Una vez solo, Bernardo hizo unas llamadas. Un colega le sustituyó en el juzgado. Pasó todo el día haciendo la obra para emparedar a Luis Alberto. Condenó parte del cuarto ropero. Colocó el cadáver de pie, sujeto por las axilas y el vientre mediante los pulpos del coche. A Bernardo le impresionó especialmente verle colgado de la barra, amarrado a la pared como un maniquí realista y, conmovido por la injusticia de su muerte accidental, paró la obra y, con las manos sucias y enrojecidas todavía, le dedicó un minuto de silencio y recogimiento. La Fama inmóvil y presa, se iba a quedar sola y a oscuras, como los muertos del cementerio, pero de pie, acompañada de paletadas de mortero y de ladrillo, de su querido ladrillo, al que tanto debía.


— Adiós, Luis Alberto, es duro morir, tú sabes.


Levantó una pared nueva. Volvió a pintar el ropero. Finalmente, agotado, somnoliento y con las manos destrozadas echó a un contenedor de la calle, los ladrillos y masa sobrantes.

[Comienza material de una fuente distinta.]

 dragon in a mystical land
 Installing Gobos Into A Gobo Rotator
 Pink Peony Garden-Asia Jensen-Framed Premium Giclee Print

En la cena, la angustia de la tragedia le impedía aún paladear el hervido. El tío Santi había regresado con vida del centro, pero su fisonomía era otra. Estaba cansado y sin ganas de ver a nadie, concentrado en mirar la agonía de su alma. Tal vez mañana volvería a despedirse para siempre. Isabel se quedó en silencio oyendo el noticiario de la noche. La Guardia Civil detuvo esta mañana en Villanueva de la Panocha a ocho personas supuestamente relacionadas con la presunta trama de corrupción urbanística que se habría desarrollado en el Ayuntamiento murciano desde hace cuatro años. La investigación ahora en marcha fue impulsada por la Fiscalía, a raíz de una denuncia en la que se acusaba al alcalde de haber montado una red de tráfico de influencias, favoreciendo a varios promotores urbanísticos. También han sido detenidos, entre otros, el arquitecto municipal. Se busca así mismo al célebre abogado Luis Alberto Buendía Gómez, que se encuentra en paradero desconocido. Se sospecha que fue alertado por una filtración y ha conseguido eludir la acción de la justicia.


Isabel no hizo mención al olor de pintura y Bernardo no consiguió que la coliflor le supiera tan buena como siempre. No importaba, intuía que mañana todo habría de volver a su ser.